§ Data extracts
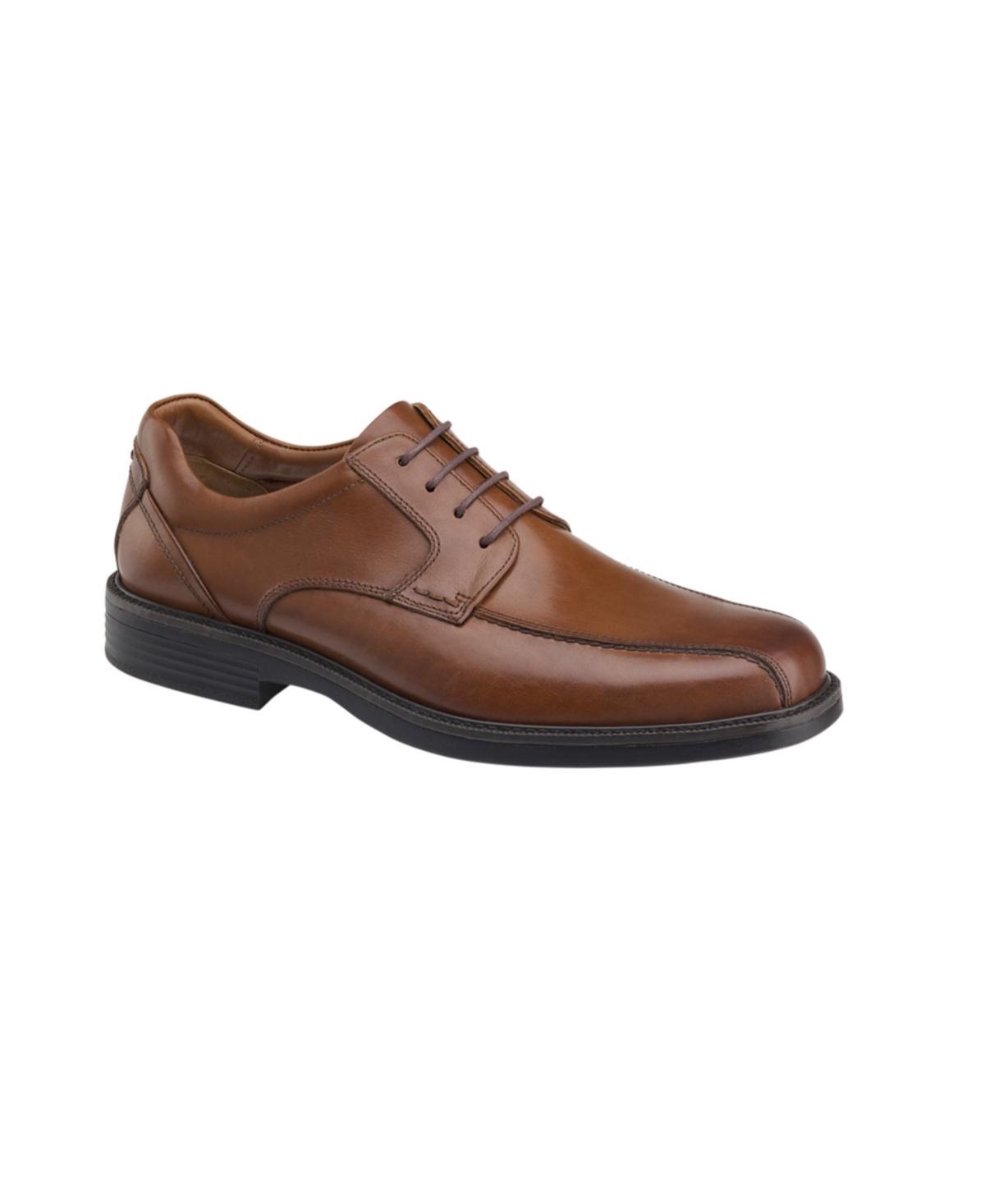 Johnston & Murphy Waterproof XC4(r) Stanton Run Off Lace-Up Oxford (Tan Waterproof Calfskin) Men's Lace Up Wing Tip Shoes Product Image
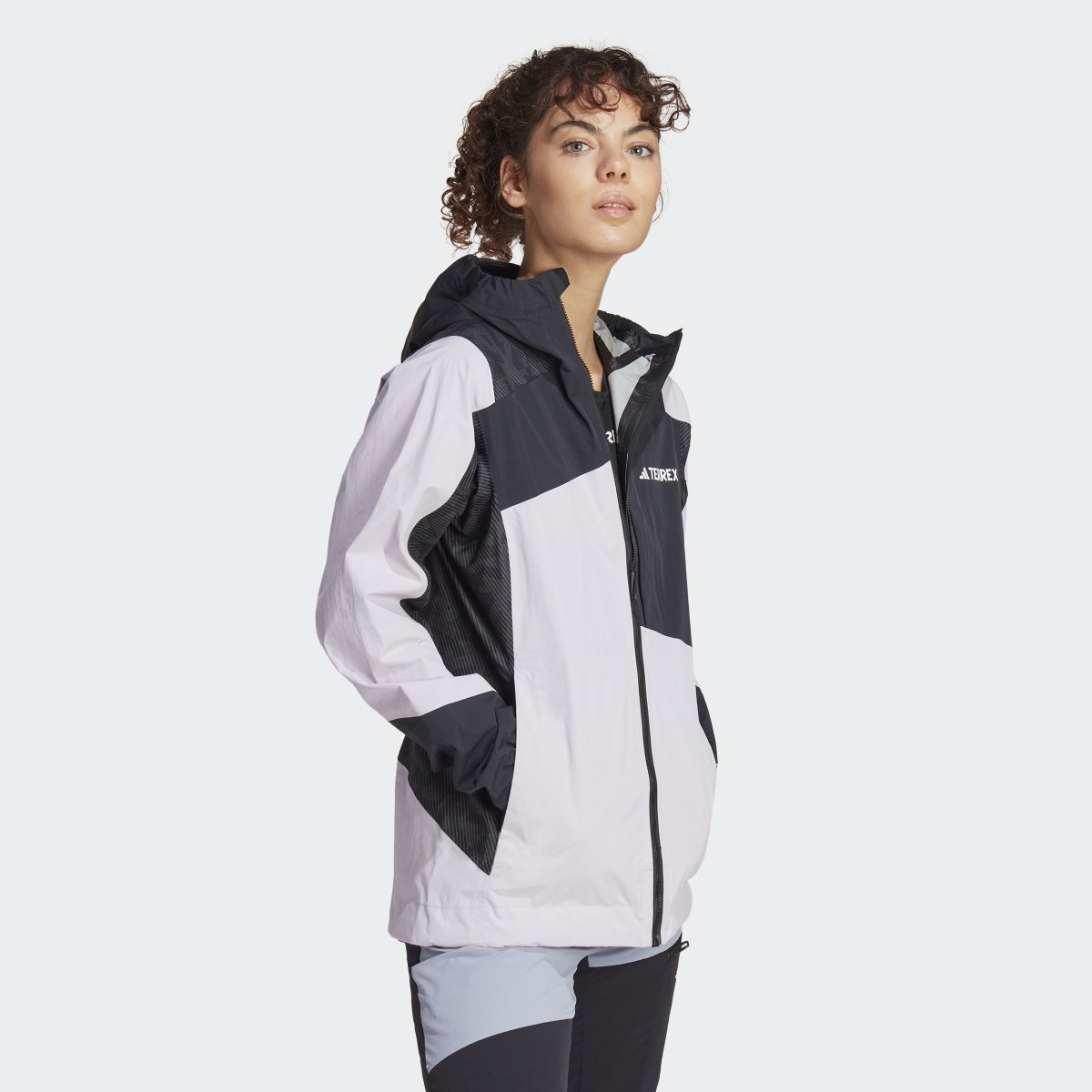 Adidas Chaqueta impermeable TERREX Xperior Hybrid RAIN.RDY. 8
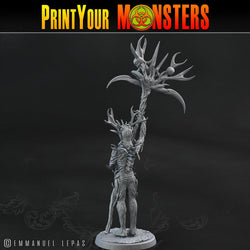 3D Printed Print Your Monsters Dark Tree Men The Shadowcreep Wood Set 28mm - 32mm D&D Wargaming (Online Only)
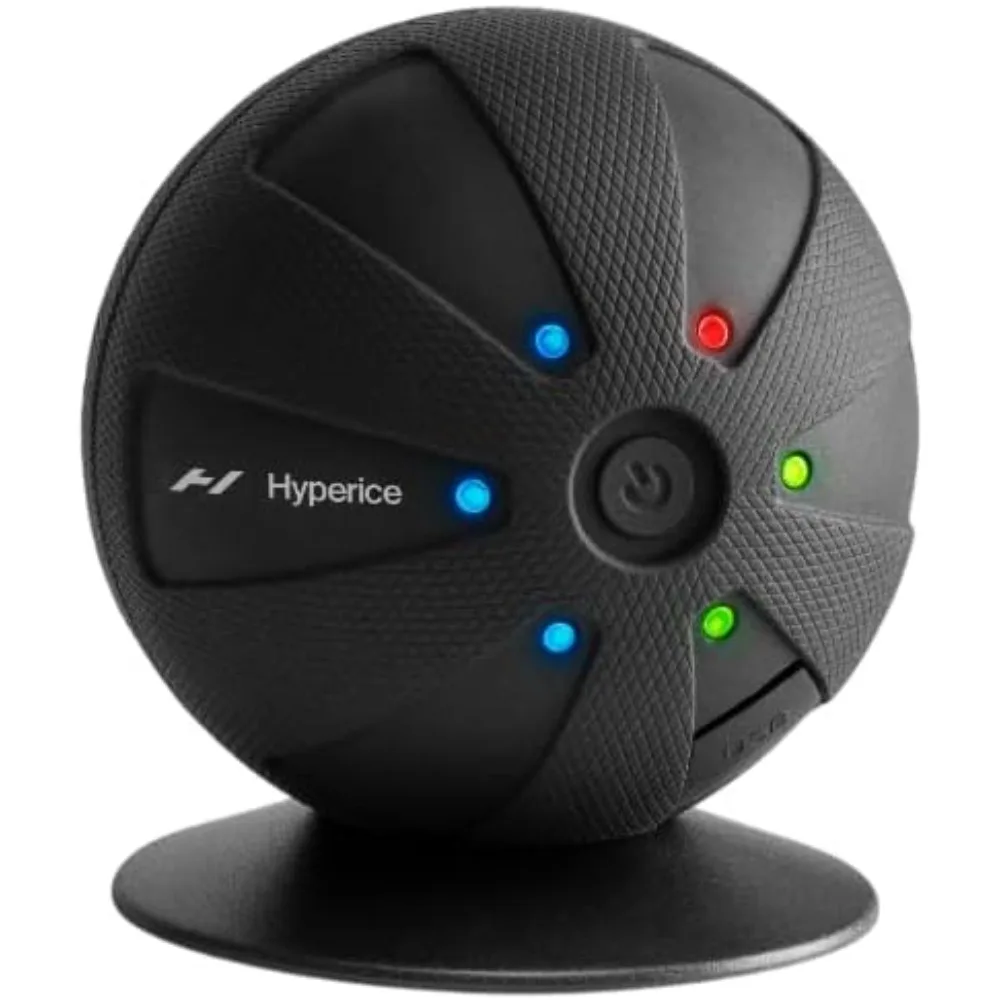 

Vibrating Massage Ball for Muscle Recovery, Myofascial Release and Soreness Relief - Portable Fitness Massager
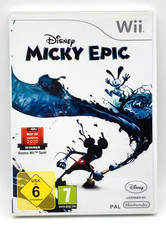 Disney micky epic nintendo - micky, wii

§ About this task
With the pictures left out, write out all of the data exactly.

§ Answer for this exercise
 Johnston & Murphy Waterproof XC4(r) Stanton Run Off Lace-Up Oxford (Tan Waterproof Calfskin) Men's Lace Up Wing Tip Shoes Product Image
 Adidas Chaqueta impermeable TERREX Xperior Hybrid RAIN.RDY. 8
 3D Printed Print Your Monsters Dark Tree Men The Shadowcreep Wood Set 28mm - 32mm D&D Wargaming (Online Only)

Vibrating Massage Ball for Muscle Recovery, Myofascial Release and Soreness Relief - Portable Fitness Massager
 Disney micky epic nintendo - micky, wii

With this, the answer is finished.